### SOURCE MATERIAL

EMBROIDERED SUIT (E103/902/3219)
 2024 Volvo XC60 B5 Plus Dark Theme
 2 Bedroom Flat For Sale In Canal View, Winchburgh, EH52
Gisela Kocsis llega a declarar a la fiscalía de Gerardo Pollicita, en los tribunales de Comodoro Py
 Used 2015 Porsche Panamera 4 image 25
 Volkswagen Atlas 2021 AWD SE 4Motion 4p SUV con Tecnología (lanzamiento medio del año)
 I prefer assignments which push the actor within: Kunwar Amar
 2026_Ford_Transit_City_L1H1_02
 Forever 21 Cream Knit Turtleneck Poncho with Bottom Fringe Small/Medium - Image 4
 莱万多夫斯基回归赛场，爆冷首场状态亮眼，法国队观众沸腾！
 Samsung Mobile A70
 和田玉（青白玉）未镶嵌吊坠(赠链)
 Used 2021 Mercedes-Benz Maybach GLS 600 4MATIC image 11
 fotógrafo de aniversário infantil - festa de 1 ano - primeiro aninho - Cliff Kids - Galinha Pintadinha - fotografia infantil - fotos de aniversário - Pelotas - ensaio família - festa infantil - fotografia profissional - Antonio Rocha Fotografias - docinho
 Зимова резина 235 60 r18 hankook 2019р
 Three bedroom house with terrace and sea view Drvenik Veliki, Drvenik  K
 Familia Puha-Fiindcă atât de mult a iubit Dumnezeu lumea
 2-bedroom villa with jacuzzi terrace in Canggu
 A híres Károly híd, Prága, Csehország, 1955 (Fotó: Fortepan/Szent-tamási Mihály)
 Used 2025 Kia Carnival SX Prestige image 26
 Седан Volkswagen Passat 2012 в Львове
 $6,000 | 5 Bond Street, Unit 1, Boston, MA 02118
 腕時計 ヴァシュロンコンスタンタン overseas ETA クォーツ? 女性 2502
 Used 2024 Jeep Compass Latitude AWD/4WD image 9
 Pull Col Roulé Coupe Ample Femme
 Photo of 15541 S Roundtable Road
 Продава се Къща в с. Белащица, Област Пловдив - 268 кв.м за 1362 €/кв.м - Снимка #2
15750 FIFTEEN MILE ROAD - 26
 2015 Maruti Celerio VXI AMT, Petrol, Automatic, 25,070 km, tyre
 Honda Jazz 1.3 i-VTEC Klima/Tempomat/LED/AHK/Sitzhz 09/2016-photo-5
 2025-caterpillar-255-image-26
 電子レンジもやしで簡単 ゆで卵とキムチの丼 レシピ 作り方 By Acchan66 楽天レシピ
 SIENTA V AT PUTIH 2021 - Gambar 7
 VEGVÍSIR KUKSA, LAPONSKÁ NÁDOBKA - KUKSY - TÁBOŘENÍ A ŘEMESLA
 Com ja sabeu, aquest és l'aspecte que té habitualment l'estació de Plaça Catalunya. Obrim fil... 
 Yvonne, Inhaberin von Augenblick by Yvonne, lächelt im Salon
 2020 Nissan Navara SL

### YOUR INSTRUCTIONS
Your job is to restate all of the data word for word.

### RESPONSE FOR THIS EXERCISE
EMBROIDERED SUIT (E103/902/3219)
 2024 Volvo XC60 B5 Plus Dark Theme
 2 Bedroom Flat For Sale In Canal View, Winchburgh, EH52
Gisela Kocsis llega a declarar a la fiscalía de Gerardo Pollicita, en los tribunales de Comodoro Py
 Used 2015 Porsche Panamera 4 image 25
 Volkswagen Atlas 2021 AWD SE 4Motion 4p SUV con Tecnología (lanzamiento medio del año)
 I prefer assignments which push the actor within: Kunwar Amar
 2026_Ford_Transit_City_L1H1_02
 Forever 21 Cream Knit Turtleneck Poncho with Bottom Fringe Small/Medium - Image 4
 莱万多夫斯基回归赛场，爆冷首场状态亮眼，法国队观众沸腾！
 Samsung Mobile A70
 和田玉（青白玉）未镶嵌吊坠(赠链)
 Used 2021 Mercedes-Benz Maybach GLS 600 4MATIC image 11
 fotógrafo de aniversário infantil - festa de 1 ano - primeiro aninho - Cliff Kids - Galinha Pintadinha - fotografia infantil - fotos de aniversário - Pelotas - ensaio família - festa infantil - fotografia profissional - Antonio Rocha Fotografias - docinho
 Зимова резина 235 60 r18 hankook 2019р
 Three bedroom house with terrace and sea view Drvenik Veliki, Drvenik  K
 Familia Puha-Fiindcă atât de mult a iubit Dumnezeu lumea
 2-bedroom villa with jacuzzi terrace in Canggu
 A híres Károly híd, Prága, Csehország, 1955 (Fotó: Fortepan/Szent-tamási Mihály)
 Used 2025 Kia Carnival SX Prestige image 26
 Седан Volkswagen Passat 2012 в Львове
 $6,000 | 5 Bond Street, Unit 1, Boston, MA 02118
 腕時計 ヴァシュロンコンスタンタン overseas ETA クォーツ? 女性 2502
 Used 2024 Jeep Compass Latitude AWD/4WD image 9
 Pull Col Roulé Coupe Ample Femme
 Photo of 15541 S Roundtable Road
 Продава се Къща в с. Белащица, Област Пловдив - 268 кв.м за 1362 €/кв.м - Снимка #2
15750 FIFTEEN MILE ROAD - 26
 2015 Maruti Celerio VXI AMT, Petrol, Automatic, 25,070 km, tyre
 Honda Jazz 1.3 i-VTEC Klima/Tempomat/LED/AHK/Sitzhz 09/2016-photo-5
 2025-caterpillar-255-image-26
 電子レンジもやしで簡単 ゆで卵とキムチの丼 レシピ 作り方 By Acchan66 楽天レシピ
 SIENTA V AT PUTIH 2021 - Gambar 7
 VEGVÍSIR KUKSA, LAPONSKÁ NÁDOBKA - KUKSY - TÁBOŘENÍ A ŘEMESLA
 Com ja sabeu, aquest és l'aspecte que té habitualment l'estació de Plaça Catalunya. Obrim fil... 
 Yvonne, Inhaberin von Augenblick by Yvonne, lächelt im Salon
 2020 Nissan Navara SL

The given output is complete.